Posted by: chrys at October 7, 2003 03:15 AM

I, too, sit here increased to tears. Thank you.

Posted by: Val Prieto at October 7, 2003 07:52 AM

I had a similar experience about 18 months ago, when an Enron executive committed suicide. In my post on the story, I included a photo of the suicide note, which was widely available in the mainstream media. Shortly thereafter, I received an email from the executive's wife, who was none too happy that I had posted a photo of her husband's suicide note. Upon giving it some thought, I realized that she had a point. While I don't believe that I did anything wrong, I did email her with my apologies.

This incident really brought home to me the power that all of us wield from time to time. While I post some pretty strong opinions, it is never my intent to increase someone's pain, particularly just after their husband committed suicide. Let's just say that I am much more cognizant of my responsibilities to others now. I think that's probably a good thing.

Posted by: Jack Cluth at October 7, 2003 08:05 AM

Awesome writing. Thanks for sharing the experience.

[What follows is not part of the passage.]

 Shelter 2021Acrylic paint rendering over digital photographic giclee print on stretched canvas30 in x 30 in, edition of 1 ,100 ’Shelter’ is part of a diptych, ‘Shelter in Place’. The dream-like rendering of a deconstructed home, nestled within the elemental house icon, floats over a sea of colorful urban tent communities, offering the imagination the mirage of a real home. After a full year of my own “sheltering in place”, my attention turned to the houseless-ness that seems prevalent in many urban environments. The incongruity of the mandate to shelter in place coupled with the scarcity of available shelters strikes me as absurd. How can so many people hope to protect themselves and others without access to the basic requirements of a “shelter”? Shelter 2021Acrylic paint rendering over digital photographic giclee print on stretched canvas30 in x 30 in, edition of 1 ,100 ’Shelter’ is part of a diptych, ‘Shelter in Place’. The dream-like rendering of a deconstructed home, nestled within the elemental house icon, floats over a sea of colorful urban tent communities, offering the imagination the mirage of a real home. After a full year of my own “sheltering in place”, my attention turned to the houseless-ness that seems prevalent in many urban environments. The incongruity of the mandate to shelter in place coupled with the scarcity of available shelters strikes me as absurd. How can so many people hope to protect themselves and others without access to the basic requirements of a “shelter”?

It really does mae the world seem smaller.

Posted by: Doc at October 7, 2003 09:37 AM

The greatness of this post speaks for itself, through your beautiful writing and the perfect filigree of content. Thank you!

Posted by: Oscar at October 7, 2003 10:11 AM

What a wonderful story and so well told. It is a remarkable reminder of how small our world is and how our words can affect others.

You connected and touched another's life through your thoughts and words. Well done.